# What you have to do:
Please report how many lines in the records below contain the word "moddalarni", giving only that number.

[[ Provided records, beginning ]]

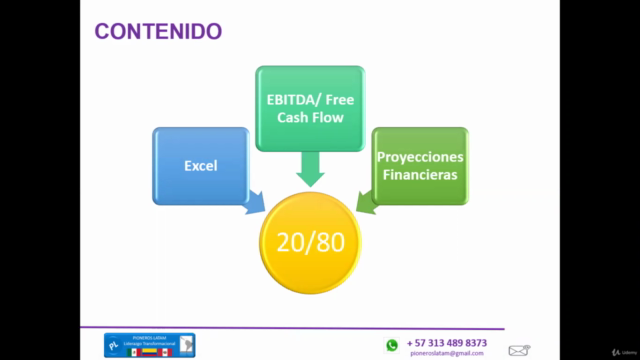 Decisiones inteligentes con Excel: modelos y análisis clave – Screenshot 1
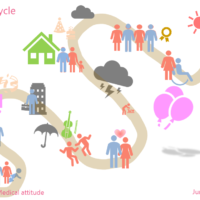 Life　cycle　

[[ Provided records, end ]]
[[ Provided records, beginning ]]

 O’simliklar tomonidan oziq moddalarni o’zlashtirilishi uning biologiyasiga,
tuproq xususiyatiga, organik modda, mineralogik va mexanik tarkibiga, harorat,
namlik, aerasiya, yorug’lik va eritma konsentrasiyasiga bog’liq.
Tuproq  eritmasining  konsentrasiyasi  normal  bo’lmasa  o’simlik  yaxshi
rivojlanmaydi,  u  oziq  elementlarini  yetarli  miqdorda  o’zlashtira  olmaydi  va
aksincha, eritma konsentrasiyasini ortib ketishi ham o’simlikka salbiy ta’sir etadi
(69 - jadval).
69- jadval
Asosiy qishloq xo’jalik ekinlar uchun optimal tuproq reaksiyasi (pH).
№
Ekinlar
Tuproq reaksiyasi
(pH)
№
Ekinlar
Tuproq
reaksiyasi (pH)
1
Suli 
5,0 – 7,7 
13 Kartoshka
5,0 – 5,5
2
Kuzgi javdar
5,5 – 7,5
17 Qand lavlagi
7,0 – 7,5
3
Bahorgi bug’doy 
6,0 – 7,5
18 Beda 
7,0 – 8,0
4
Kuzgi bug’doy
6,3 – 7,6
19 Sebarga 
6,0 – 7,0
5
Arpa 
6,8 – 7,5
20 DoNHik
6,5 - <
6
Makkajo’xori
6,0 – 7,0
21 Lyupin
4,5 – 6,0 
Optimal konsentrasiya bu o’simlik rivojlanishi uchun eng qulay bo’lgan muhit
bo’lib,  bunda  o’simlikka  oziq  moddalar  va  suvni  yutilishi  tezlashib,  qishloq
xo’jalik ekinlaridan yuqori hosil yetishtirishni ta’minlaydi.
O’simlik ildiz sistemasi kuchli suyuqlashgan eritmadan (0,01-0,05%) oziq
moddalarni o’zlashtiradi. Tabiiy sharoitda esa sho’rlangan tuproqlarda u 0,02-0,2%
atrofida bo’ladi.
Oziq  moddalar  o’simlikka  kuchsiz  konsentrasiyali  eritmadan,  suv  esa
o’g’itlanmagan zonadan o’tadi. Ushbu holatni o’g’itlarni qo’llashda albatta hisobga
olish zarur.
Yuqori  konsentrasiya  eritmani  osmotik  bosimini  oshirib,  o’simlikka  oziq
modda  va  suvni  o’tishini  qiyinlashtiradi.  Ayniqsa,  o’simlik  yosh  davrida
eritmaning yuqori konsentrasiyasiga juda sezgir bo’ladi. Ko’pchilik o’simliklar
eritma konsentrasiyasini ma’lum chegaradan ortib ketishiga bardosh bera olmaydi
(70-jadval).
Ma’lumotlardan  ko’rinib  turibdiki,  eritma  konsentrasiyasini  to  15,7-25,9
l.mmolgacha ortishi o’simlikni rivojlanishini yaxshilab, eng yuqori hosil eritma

[[ Provided records, end ]]

# Task solution:
2